» TASK DETAILS:
Take the listing below and write it out again exactly, skipping any picture that it holds.

» DATA BLOCK:
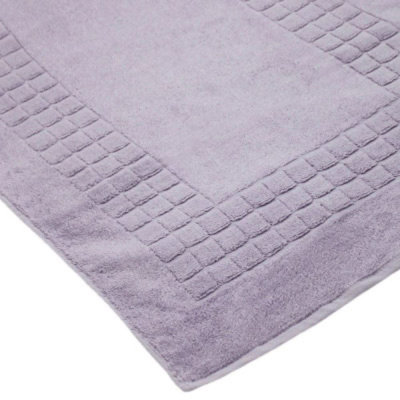 Linens Limited Luxury Supreme 100% Egyptian Cotton | Quick Dry & Highly Absorbent | Durable & Super Soft | Bath Mat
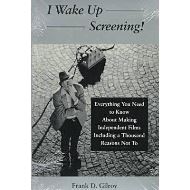 I WAKE UP SCREENING!
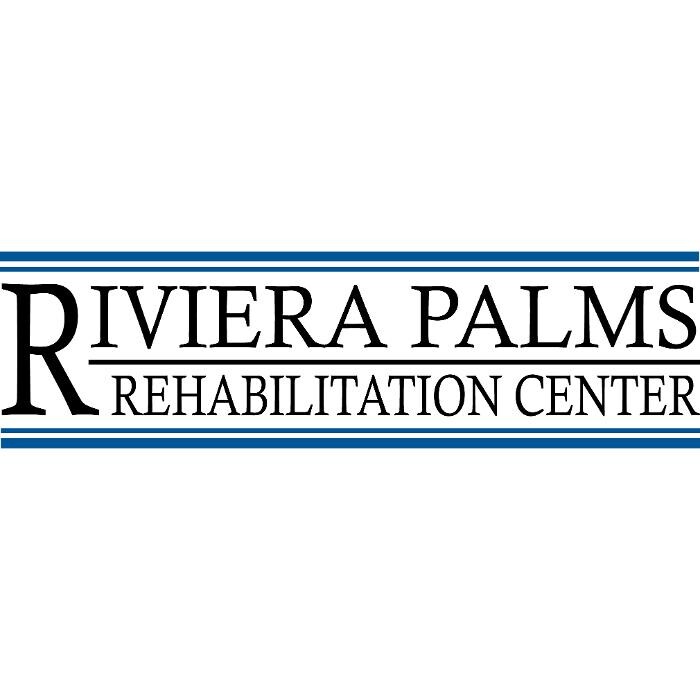 Images Riviera Palms Rehabilitation Center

» OUTPUT FOR THIS TASK:
 Linens Limited Luxury Supreme 100% Egyptian Cotton | Quick Dry & Highly Absorbent | Durable & Super Soft | Bath Mat
 I WAKE UP SCREENING!
 Images Riviera Palms Rehabilitation Center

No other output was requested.